Cheat sheet of AI X-risk

momom2

This document was made as part of my internship at EffiSciences. Thanks to everyone who helped review it, in particular Charbel-Raphaël Segerie, Léo Dana, Jonathan Claybrough and Florent Berthet!

Introduction

Clarifying AI X-risk is a summary of a literature review of AI risk models by DeepMind that (among other things) categorizes the threat models it studies along two dimensions: the technical cause of misalignment and the path leading to X-risk.
I think this classification is inadequate because the technical causes of misalignment that are considered in some of the presented risk models should be differently nuanced.

So, I made a document that would go more in-depth and accurately represent what (I believe) the authors had in mind. Hopefully, it can help researchers quickly remind themselves of the characteristics of the risk model they are studying.

Here it is, for anyone who wants to use it!
Anyone can suggest edits to the cheat sheet. I hope that this can foster healthy discussion about controversial or less detailed risk models.

If you just want to take a look, go right ahead! If you would like to contribute, the penultimate section explains the intended use of the document, the conventions used and how to suggest edits.

There is also a more detailed version if you are interested, but that one is not nearly as well formatted (i.e. ugly as duck), nor is it up to date. It is where I try to express more nuanced analysis than allowed by a dropdown list.

Content

Disclaimer

Some information in this cheat sheet is controversial; for example, the inner/outer framework is still debated. In addition, some information might be incorrect. I did my best, but I do not agree with all the sources I have read (notably, Deepmind classifies Cohen’s scenario as specification gaming, but I think it is more like goal misgeneralization) so remain critical. My hope is that after a while the controversial cell comments will contain links and conversations to better understand the positions involved.

The takeaways are mostly my own work, with all the risks that entails.

Some values had to be simplified for the sake of readability; for instance, it would be more accurate to say that Cohen’s scenario does not require the AI to be powerful rather than to say the cause of the AI’s power is unclear. If that bothers you, you can look at the detailed version where I make less compromises at the cost of readability.

Takeaways

The takeaways are my own and do not necessarily represent the views of the authors of the risk models. They are all presented with respect to the risk models examined.

General takeaway

General takeaway: There are many paths to AI X-risk. Some are more likely or dangerous than others, but none can be neglected if we are to avoid disaster.

Outer/inner/intent

(Keep in mind that the inner/outer framework is not universally accepted.)

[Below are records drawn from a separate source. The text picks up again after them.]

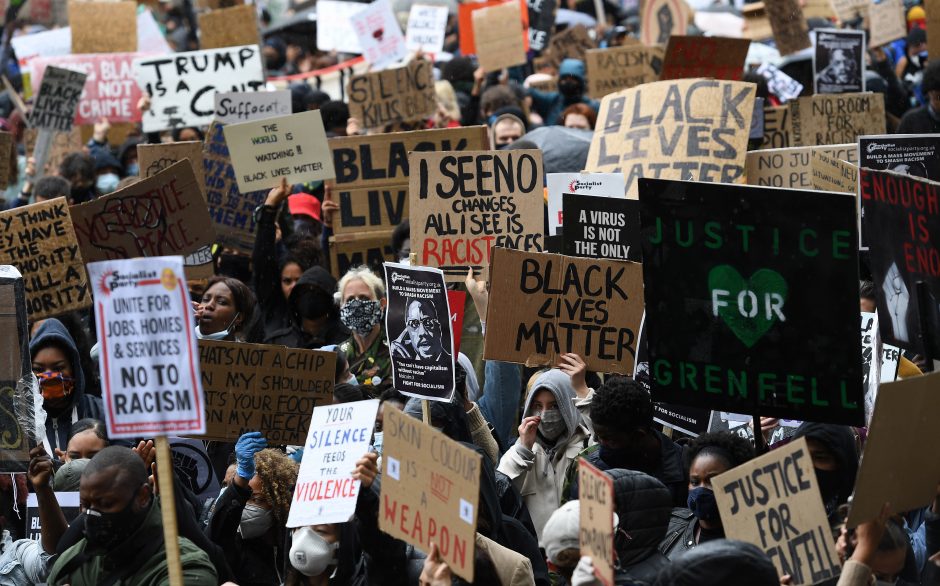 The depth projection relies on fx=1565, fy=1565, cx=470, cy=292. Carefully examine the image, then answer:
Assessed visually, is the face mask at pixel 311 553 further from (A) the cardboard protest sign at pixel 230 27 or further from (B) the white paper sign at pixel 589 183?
(A) the cardboard protest sign at pixel 230 27

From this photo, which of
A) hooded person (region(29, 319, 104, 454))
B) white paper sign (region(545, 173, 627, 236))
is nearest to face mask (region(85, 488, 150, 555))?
hooded person (region(29, 319, 104, 454))

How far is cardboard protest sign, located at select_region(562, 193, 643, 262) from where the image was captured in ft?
25.9

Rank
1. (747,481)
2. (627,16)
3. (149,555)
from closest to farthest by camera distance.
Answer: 1. (747,481)
2. (149,555)
3. (627,16)

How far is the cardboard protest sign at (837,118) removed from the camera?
1130 cm

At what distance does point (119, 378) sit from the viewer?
510 cm

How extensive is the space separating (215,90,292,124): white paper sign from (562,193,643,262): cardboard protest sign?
15.1 ft

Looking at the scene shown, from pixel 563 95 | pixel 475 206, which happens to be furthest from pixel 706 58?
pixel 563 95

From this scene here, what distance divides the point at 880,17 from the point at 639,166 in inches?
297

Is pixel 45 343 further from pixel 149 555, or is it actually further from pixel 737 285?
pixel 737 285

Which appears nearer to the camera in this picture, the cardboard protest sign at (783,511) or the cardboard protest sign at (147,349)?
the cardboard protest sign at (783,511)

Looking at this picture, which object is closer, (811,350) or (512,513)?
(811,350)

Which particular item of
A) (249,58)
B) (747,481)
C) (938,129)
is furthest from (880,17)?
(747,481)

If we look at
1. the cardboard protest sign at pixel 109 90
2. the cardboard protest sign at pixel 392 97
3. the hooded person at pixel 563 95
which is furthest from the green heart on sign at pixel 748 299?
the cardboard protest sign at pixel 109 90

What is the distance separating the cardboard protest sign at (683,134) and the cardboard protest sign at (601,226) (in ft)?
2.55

Along the many scenarios, misalignment comes from many places. No single solution will solve everything, though inner misalignment is significantly more commonly depicted than other types.

Technical causes of misalignment

It is not enough to have a solution for a specific cause, because there are many technical reasons for misalignment.

In addition, some risk models simply require any source of misalignment, which is why I think a security mindset is necessary to build a safe AI: we need to prove that there is no loophole, that the machine is daemon-free, to guarantee that none of these risk models are allowed by an AI design.

Social causes of misalignment

The most frequently cited factor of misalignment is competitive pressure^[1]: it increases the likelihood of accidents due to haste or misuse. Solving these coordination problems (through discussion, contracts, government intervention...) therefore seems to be an important lever to reduce x-risk.
Even if we coordinate perfectly, there are technical hurdles that could still lead to failure. Governance could allow us to reach existential safety by freezing AI research, training or deployment, but this will not be enough to solve alignment: we need to allocate resources for technical alignment.

I did not expect coordination problems to be so dangerous; going into this, I was mostly concerned about tackling “hard alignment”. I had to update hard: most risk models assume that a major reason technical causes are not addressed is a societal failure^[2] to implement safeguards, regulation, take our time, and agree not to deploy unsafe AI.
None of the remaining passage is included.